Flashman on the March

Review

Flashman on the March


Sir Harry Flashman, that mid-19th century rapscallion, is at it again in FLASHMAN ON THE MARCH, a new adventure by George MacDonald Fraser. This time he's enmeshed in the Abyssinian Wars in 1868. He bluffs and bungles his way into a winning situation, but not without a boatload of near-tragedies.

As has become the pattern in this series of novels (this is the twelfth release in the historical fiction franchise), Flashman falls into a situation in which his ill-gotten reputation as a soldier extraordinaire does him disservice. Thrust into a mission that would have him aid in the overthrow of King Theodore, a maniacal, blood-thirsty ruler, Flashman must find a way to accomplish the task while keeping his sorry hide intact. Along the way, he finds time to bed not one, but two, main female characters. In addition to his innate cowardice and self-centeredness, Flashman is a scandalous lothario, kissing and telling of his amorous exploits with the most unlikely, seemingly unattainable beauties. These affairs usually come back to haunt him in manners more or less threatening.

After once again receiving undeserved credit for a serendipitous event, he muses, in a rare moment of introspection:

"All my life, people have been taking me at face value, supposing that such a big, bluff daredevilish-looking fellow must be heroic, but here was a new and wondrous misconception. Just because I tickled his funny-bone years ago…I must therefore be 'good-hearted'…and even humane and chivalrous, God help us, the kind of decent Christian whose conscience would be wrung to ribbons because he'd felt obliged to do away with an inconvenient [enemy] for the sake of the side." (The original language is a tad saltier; Flashman is no poster-boy for political correctness, although this no doubt reflects the "sensibilities" of his times.)

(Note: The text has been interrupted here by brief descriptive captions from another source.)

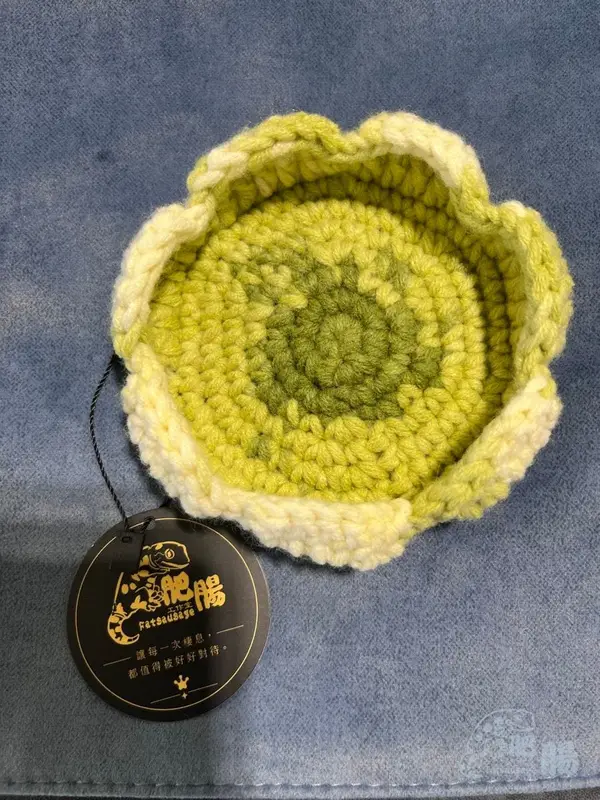 黃綠色花朵躲避屋，奶油色花瓣邊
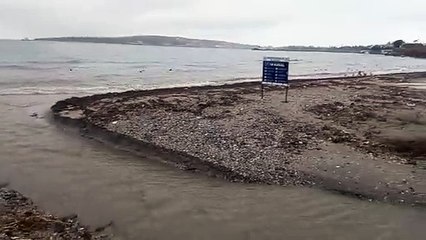 Kamara Deresi’ndeki kirlilik Marmara Denizi’ne karışıyor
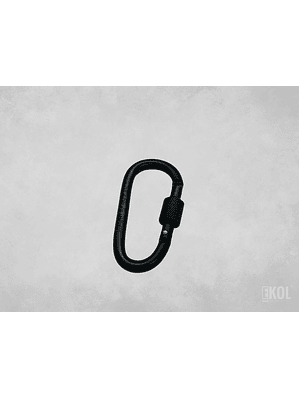 Mosquetón Climbing Technology Aluminio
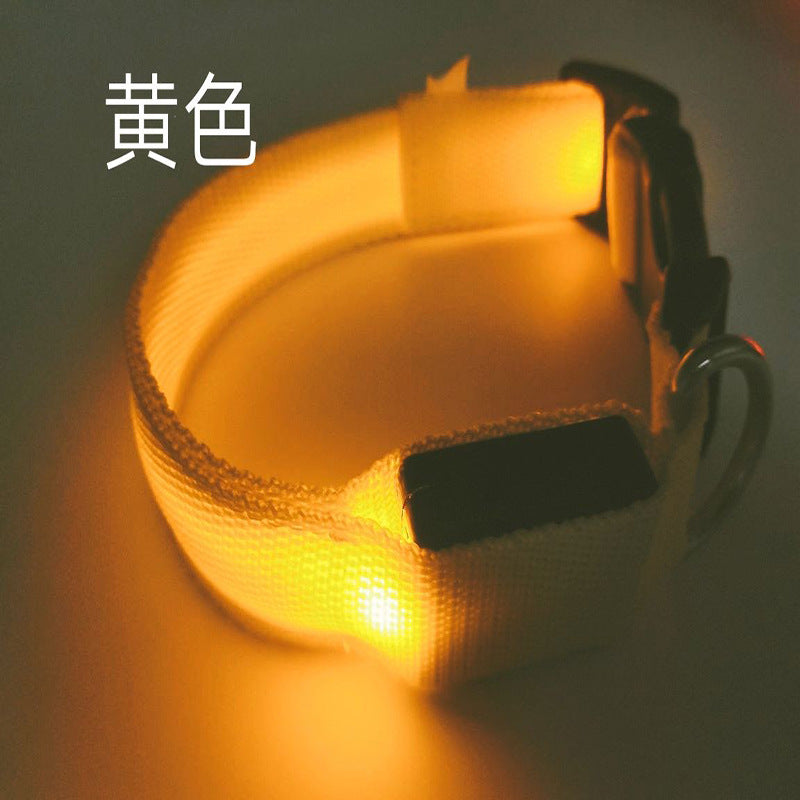 USB Rechargeable LED Pet Safety Collar
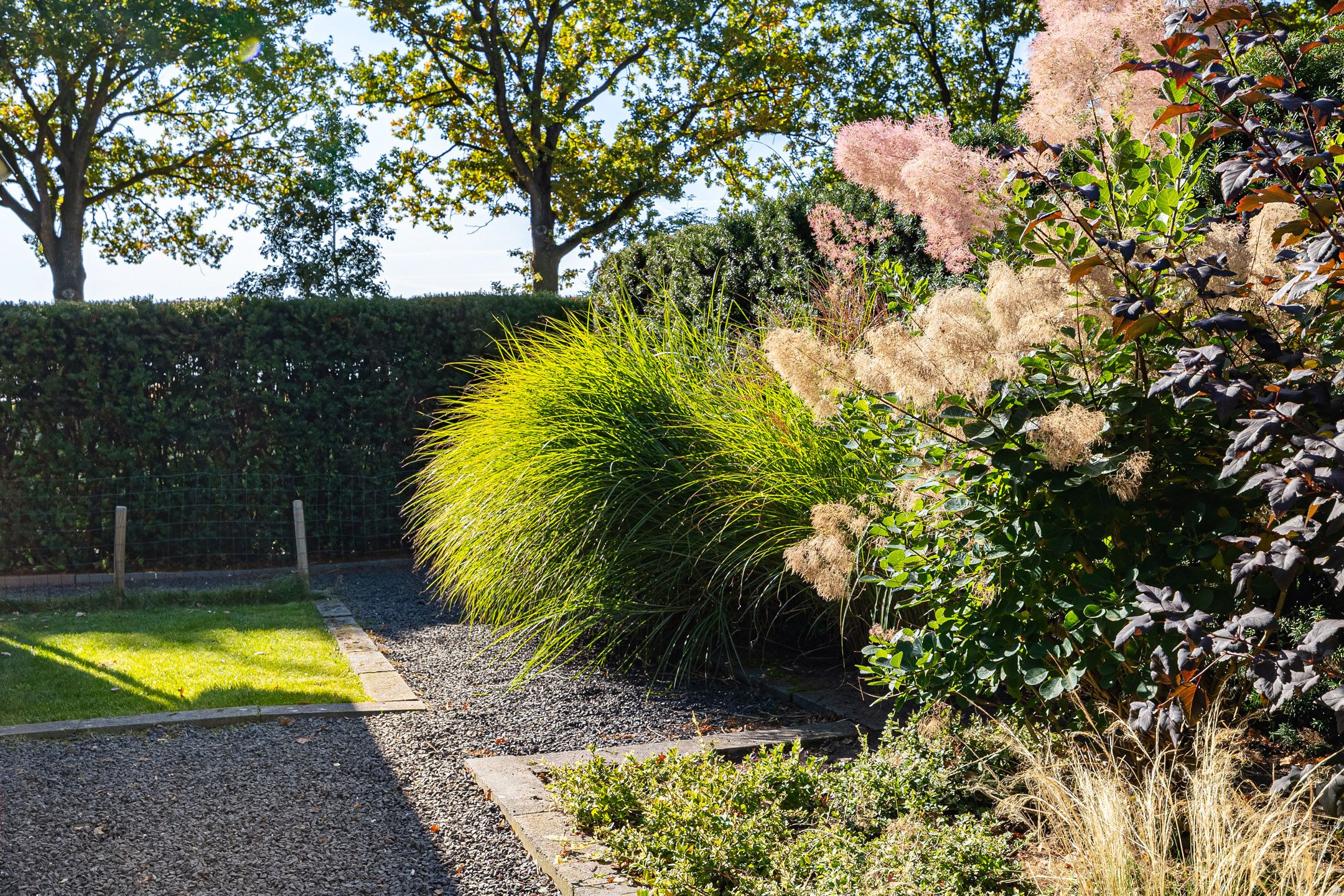 Foto 54 van Steigerwijk 35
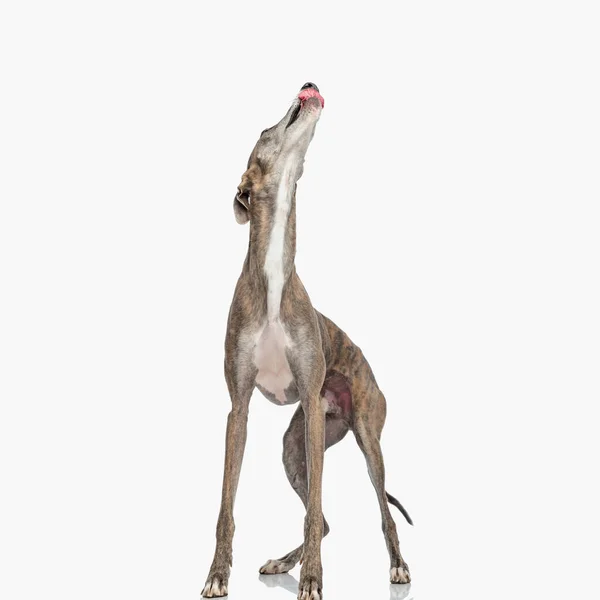 Πεινασμένο Λαγωνικό Σκυλί Κοκαλιάρικα Πόδια Κοιτάζει Προς Πάνω Και Γλείφει — Φωτογραφία Αρχείου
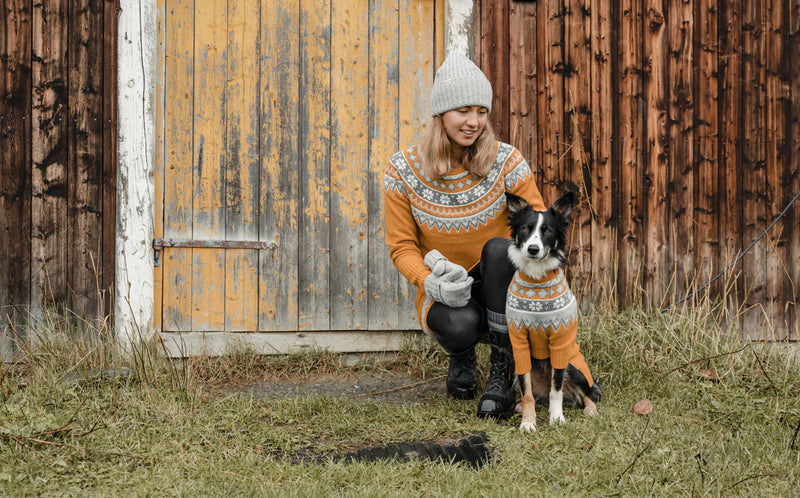 Load image into Gallery viewer, Skhoop Scandinavian Dog Coat - Gear West
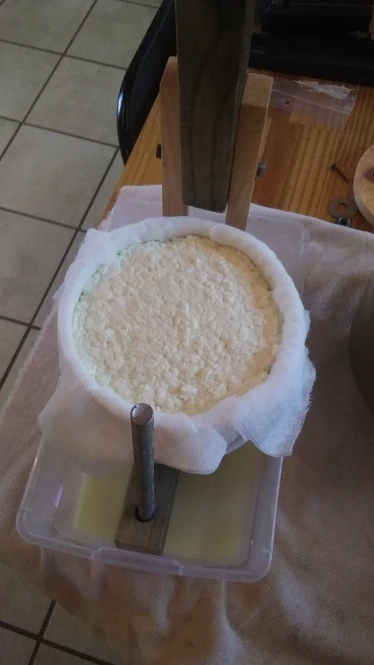 curds in cheese press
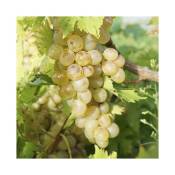 Javoy Plantes - Vigne 'Perle de Csaba' - vitis vinifera
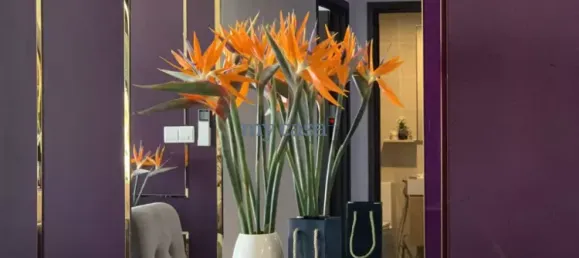 2 bedrooms Apartment in Thu Duc, Vietnam No. 8067 8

Fraser, who served in a Highland Regiment in Africa, India and the Middle East, is a stickler for detail, whether it's the presence of historical figures in the narrative --- such as King Theodore and Robert Cornelis Napier, who led the British forces during the Abyssinian campaign --- or using archaic language. Other prominent personages in the Flashman series (which began in 1969 with, appropriately enough, FLASHMAN) include Abraham Lincoln, John Brown, Otto von Bismarck, and Alfred Lord Tennyson. Fraser also includes footnotes describing some of the more arcane references. At times, however, such a device can cause the reader's eyes to glaze over; only a true student of the period would appreciate such a degree of minutia.

Nevertheless, for a fictional character "born" more than 30 years ago, Harry Flashman has aged very well.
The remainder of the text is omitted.